Since his arrest, she has been unable to see him.

Ahmed worked as a welder and, until two years ago, held a job with a farm machinery manufacturer, Sermap, in Pierrefontaine.

“He didn’t get along with his co-workers; they would bother him,” says Yvan, a local pharmacist.

Nevertheless, Ahmed was known to be kind and friendly throughout the community.

When he was arrested last Thursday by French police and the Civil Guard, witnesses said he appeared to be in shock – he had been keeping a terrible secret for the last 18 years.

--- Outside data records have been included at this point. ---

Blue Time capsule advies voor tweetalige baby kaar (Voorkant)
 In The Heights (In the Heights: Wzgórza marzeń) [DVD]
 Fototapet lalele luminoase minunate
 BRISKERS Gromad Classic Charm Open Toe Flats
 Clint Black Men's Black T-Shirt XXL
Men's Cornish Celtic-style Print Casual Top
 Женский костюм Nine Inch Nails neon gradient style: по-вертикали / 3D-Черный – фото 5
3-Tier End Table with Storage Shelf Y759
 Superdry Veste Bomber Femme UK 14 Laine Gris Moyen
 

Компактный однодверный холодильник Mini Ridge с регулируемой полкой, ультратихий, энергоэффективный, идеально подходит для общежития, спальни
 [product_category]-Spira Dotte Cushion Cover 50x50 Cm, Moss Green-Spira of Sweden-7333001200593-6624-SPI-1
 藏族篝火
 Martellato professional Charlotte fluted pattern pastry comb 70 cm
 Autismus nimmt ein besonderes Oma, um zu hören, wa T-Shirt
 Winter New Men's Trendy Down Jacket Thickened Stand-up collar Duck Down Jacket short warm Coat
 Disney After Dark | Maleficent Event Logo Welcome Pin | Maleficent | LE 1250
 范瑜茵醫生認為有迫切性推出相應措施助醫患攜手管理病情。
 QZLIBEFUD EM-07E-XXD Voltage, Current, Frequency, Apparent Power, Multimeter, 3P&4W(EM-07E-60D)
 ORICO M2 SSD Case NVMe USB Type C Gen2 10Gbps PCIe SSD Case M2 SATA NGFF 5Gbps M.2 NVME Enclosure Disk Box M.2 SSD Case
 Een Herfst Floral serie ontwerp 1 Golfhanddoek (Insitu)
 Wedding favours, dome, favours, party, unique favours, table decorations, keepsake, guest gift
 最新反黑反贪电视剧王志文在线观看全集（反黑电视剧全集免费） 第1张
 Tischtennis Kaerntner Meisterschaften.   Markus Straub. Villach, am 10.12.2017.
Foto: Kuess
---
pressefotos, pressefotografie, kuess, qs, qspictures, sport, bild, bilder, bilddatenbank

François Cucherrousset, the mayor of Pierrefontaine-les-Varans, says he has also been taken aback by last week’s events.

Ahmed left Algete in 1999, leaving behind two sons and a daughter he had with his previous wife

“Everything was normal here. His eldest son is in school, the small one, who was born last year, is not even a year old,” says the mayor, who also asks for more details about the case.

“How did they finally track him down? I read something about DNA evidence, but did the police have this all this time?”

It was the Civil Guard’s homicide unit that worked hard to try to solve the case before the statute of limitations could run out on April 20, 2017 – 20 years after the crime.

“Really?” asks the mayor. “Then there is justice.”

English version by Martin Delfín.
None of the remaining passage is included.